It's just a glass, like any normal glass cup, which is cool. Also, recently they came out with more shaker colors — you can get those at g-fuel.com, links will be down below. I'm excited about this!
------------------------------------------------------------------------
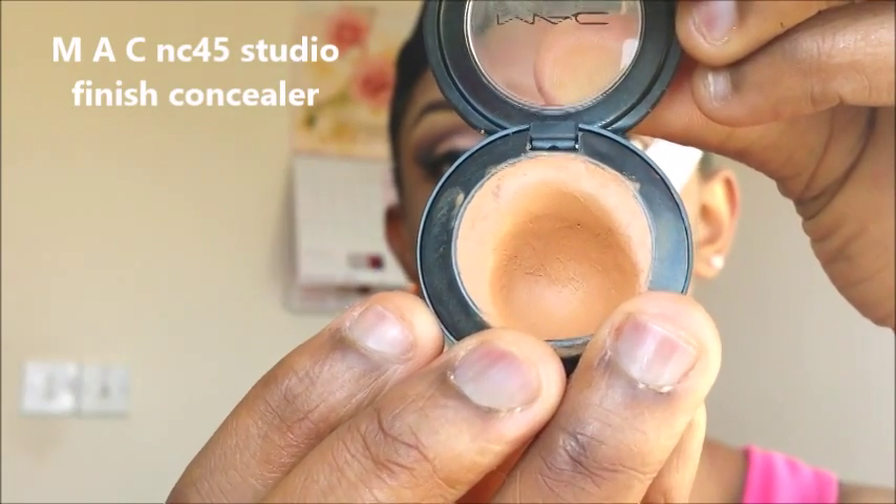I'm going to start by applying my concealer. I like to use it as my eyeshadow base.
------------------------------------------------------------------------
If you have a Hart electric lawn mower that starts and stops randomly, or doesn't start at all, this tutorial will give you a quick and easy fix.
------------------------------------------------------------------------
▸ **Task to complete**:
Lines containing the word "this" are to be located in the entries and copied.

▸ **Output of the task**:
It's just a glass, like any normal glass cup, which is cool. Also, recently they came out with more shaker colors — you can get those at g-fuel.com, links will be down below. I'm excited about this!
If you have a Hart electric lawn mower that starts and stops randomly, or doesn't start at all, this tutorial will give you a quick and easy fix.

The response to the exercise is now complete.